From the USSF perspective, one gets the sense that that tectonic plates of history are shifting and that we live in a window of opportunity for significant social and political change. It is more than a little symbolic, maybe even prophetic, that just days before the G-8 and G-20 nations were meeting in Toronto this weekend, there was a mild earthquake (5.0 on the Richter scale) in that city. Is God or the Creation trying to show us something?
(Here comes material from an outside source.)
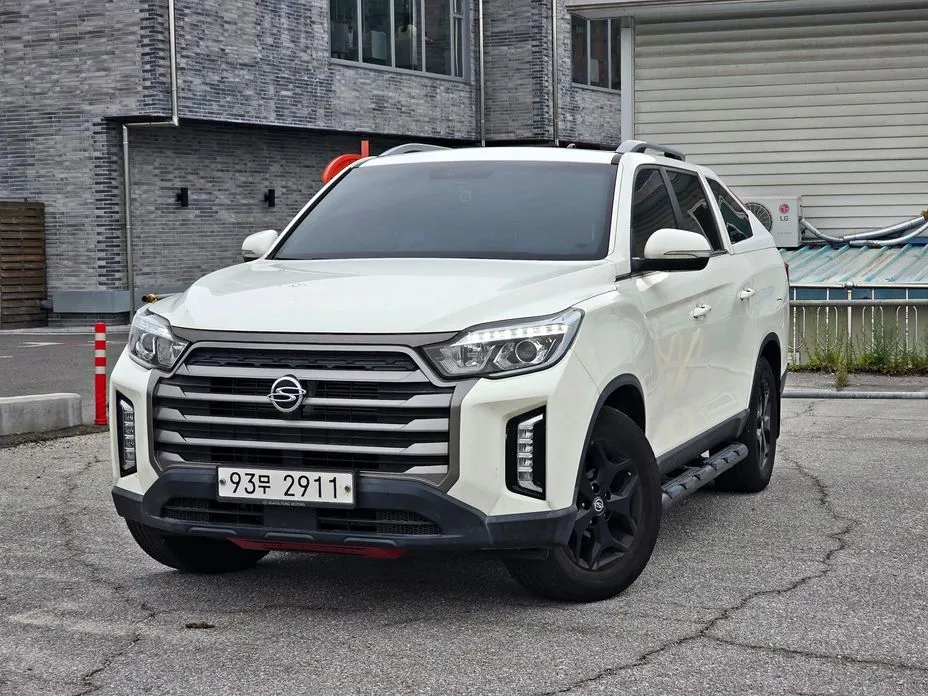 KG Mobility (Ssangyong) Rexton — фото 4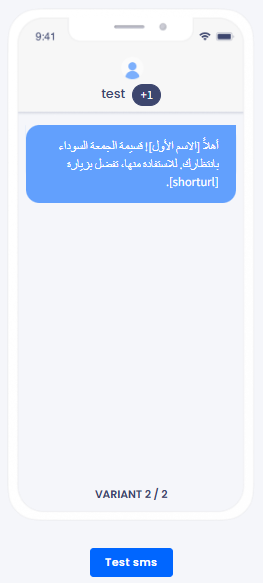 Screenshot of the Preview box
Finally, while there was a small presence of religiously oriented groups a the USSF, I was struck by the overall absence of the Christian radical movement. Groups such as Sojourners, the new monasticism, and the emerging church were not evident ( the one group I did see represented was the progressive Jewish group Tikkun), despite the fact that many of the concerns discussed by such groups were very similar to things discussed at the USSF. As a Christian, I often felt like I was on the outside looking in. The language we socially oriented Christians use and the language dominant at the USSF don’t mesh easily. For example I attended a session on spirituality and economics, and it was clear that even though we freely talked about things we thought were wrong in the world, folks got very uncomfortable when the word “sin” was attached to such wrongs. So much what I saw being imagined and discussed would fit with my understanding of the Reign of God on earth, yet to use that language was difficult; apparently there is a lot of hurt and animosity from past religious baggage. I would hope there would be a stronger Christian presence in the future so as to connect our vision of God’s Shalom with the USSF vision of a more just world.
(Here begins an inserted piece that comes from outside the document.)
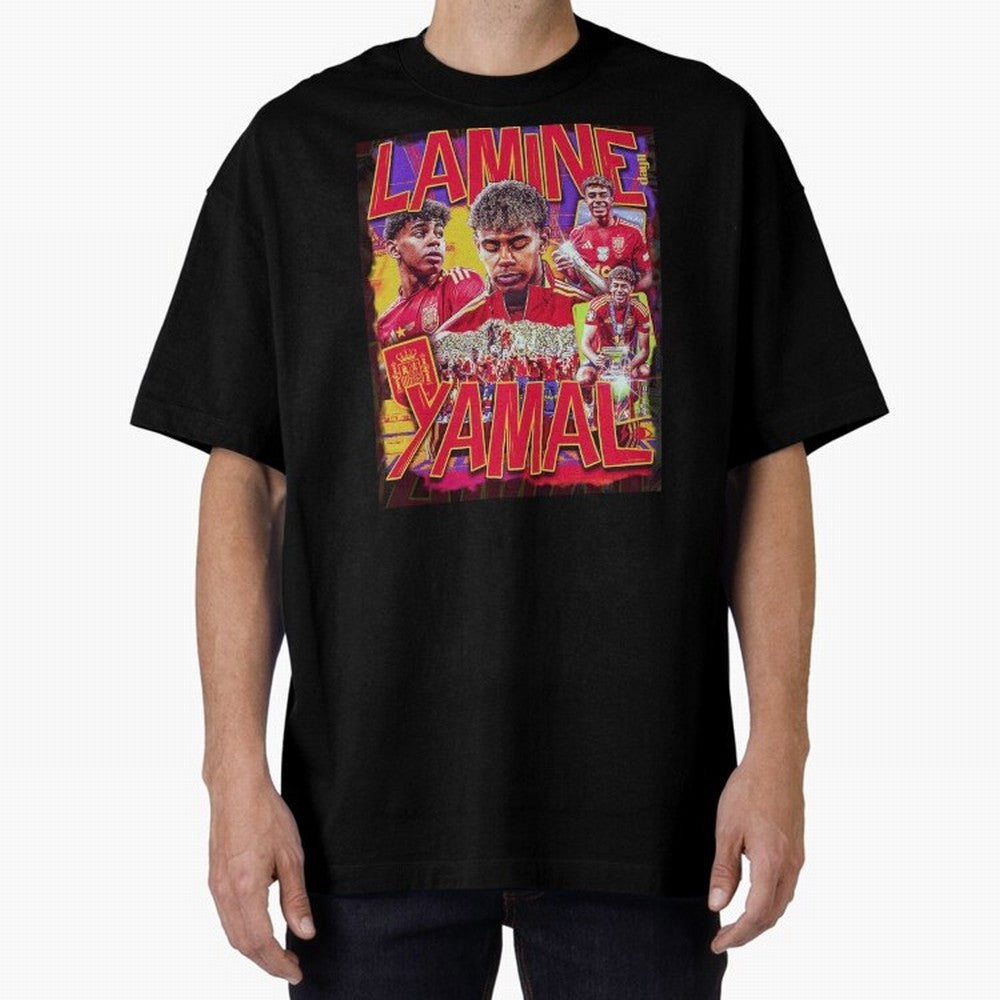 Lamine Yamal Classic T-Shirt Celebrate Rivalries and Pride in FIFA World Cup 2026 Spirit, Connected to England and Germany, Messi, Global Supporter Spirit, Legendary Goals, National Colors and Tournament Celebration; Made for Collectors Who Enjoy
Overall, the USSF was an amazing experience; my cup was filled to overflowing, and I have been given a summer’s worth of ideas to ponder and digest. At times I felt overwhelmed by the magnitude of the event and often wondered why I was there, but it wasn’t because people excluded me in any way. I was just so humbled and awed by the amazing work that so many dedicated people are doing under oppressive and difficult conditions, and yet still remain hopeful for a future of peace, equity and justice.